Begin your copy at the line holding "view of snow covered house" and end it at the last line of the listing. Keep every line exact and leave out the pictures.

» **COLLECTED MATERIAL**:
======

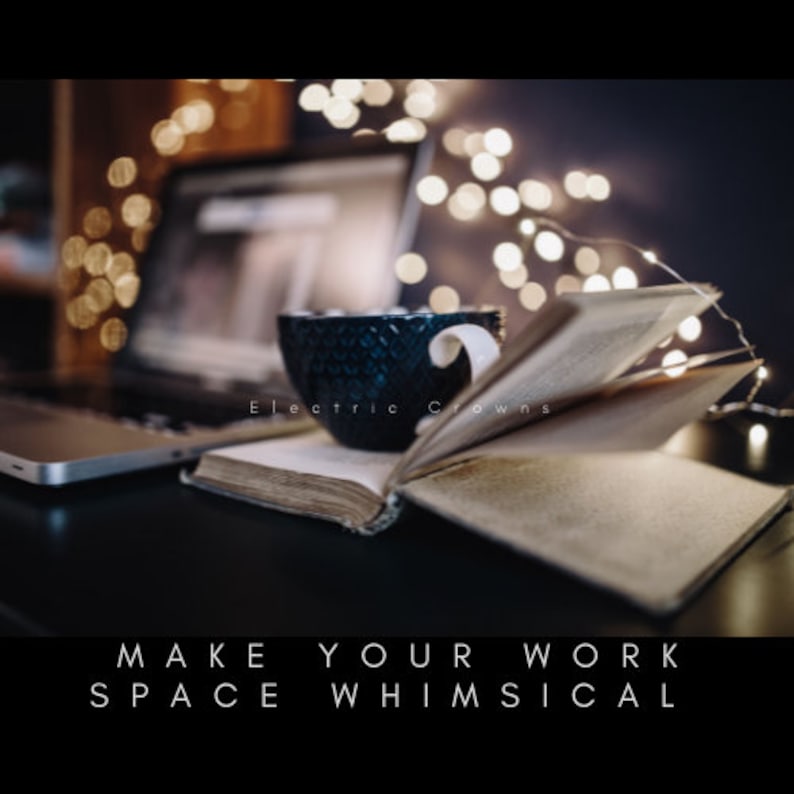 Op de afbeelding: Een donkerblauwe keramische mok met een wit handvat staat op een open boek, naast een laptop. De tekst "Electric Crowns" is zichtbaar op de mok. De woorden "MAKE YOUR WORK SPACE WHIMSICAL" staan onderaan de afbeelding.
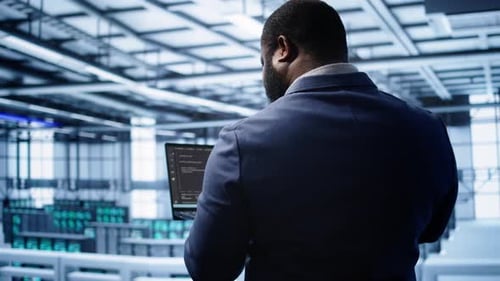 Programmer in Data Center Doing Yearly Maintenance Checkup Using Laptop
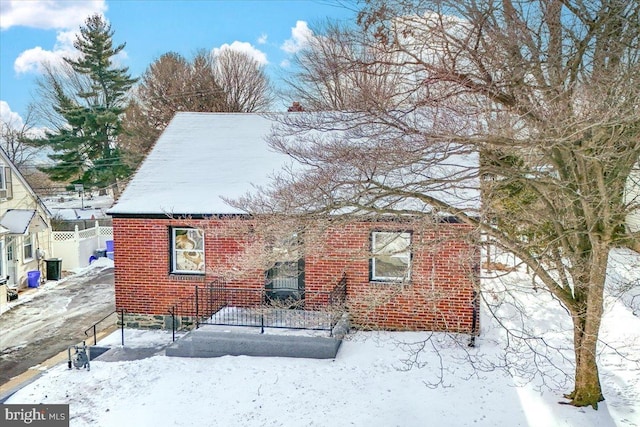 view of snow covered house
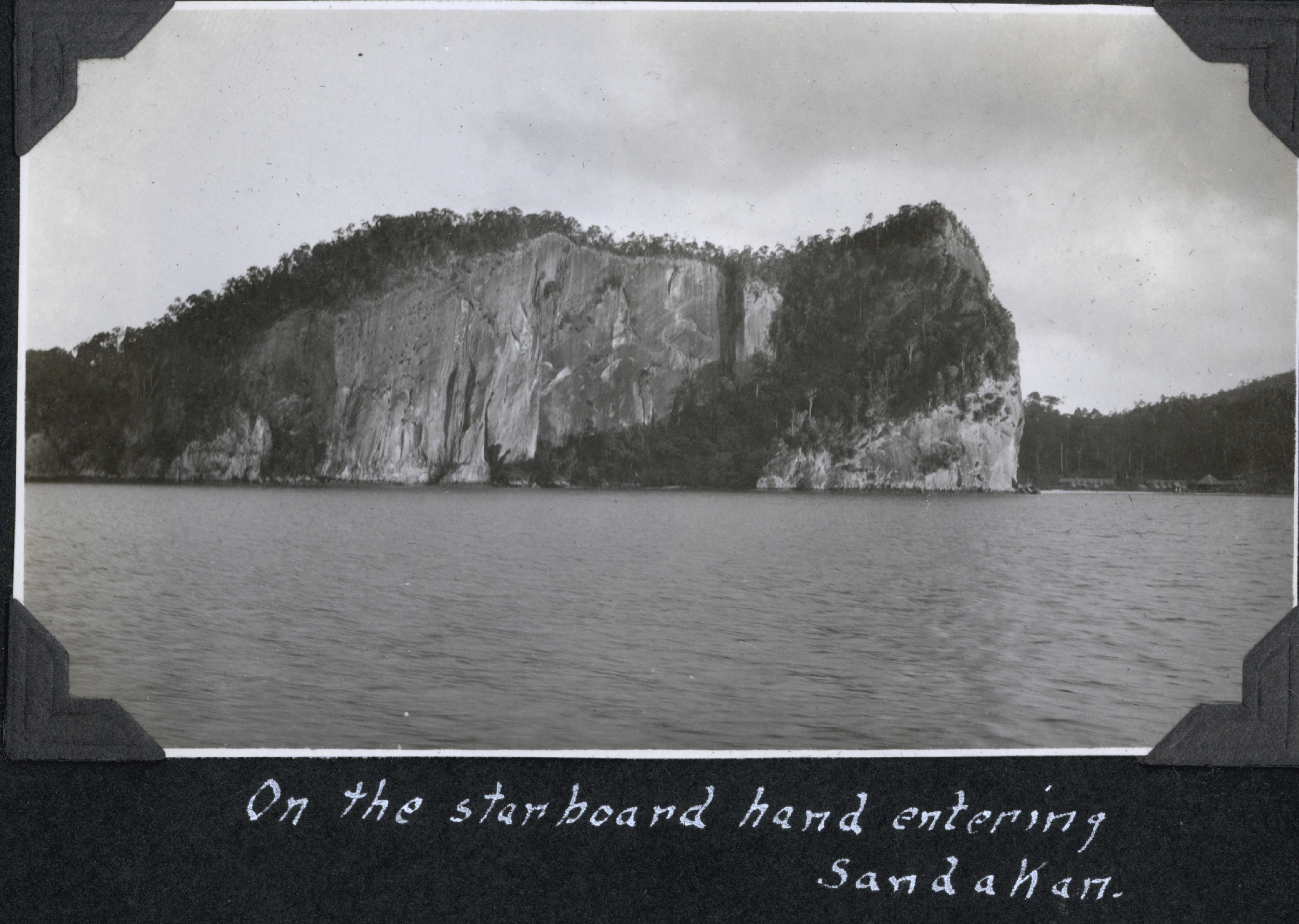 When entering Sandakan Harbor it would seem that it is best to keep this rockon the right hand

======

» **ANSWER FOR THIS EXERCISE**:
 view of snow covered house
 When entering Sandakan Harbor it would seem that it is best to keep this rockon the right hand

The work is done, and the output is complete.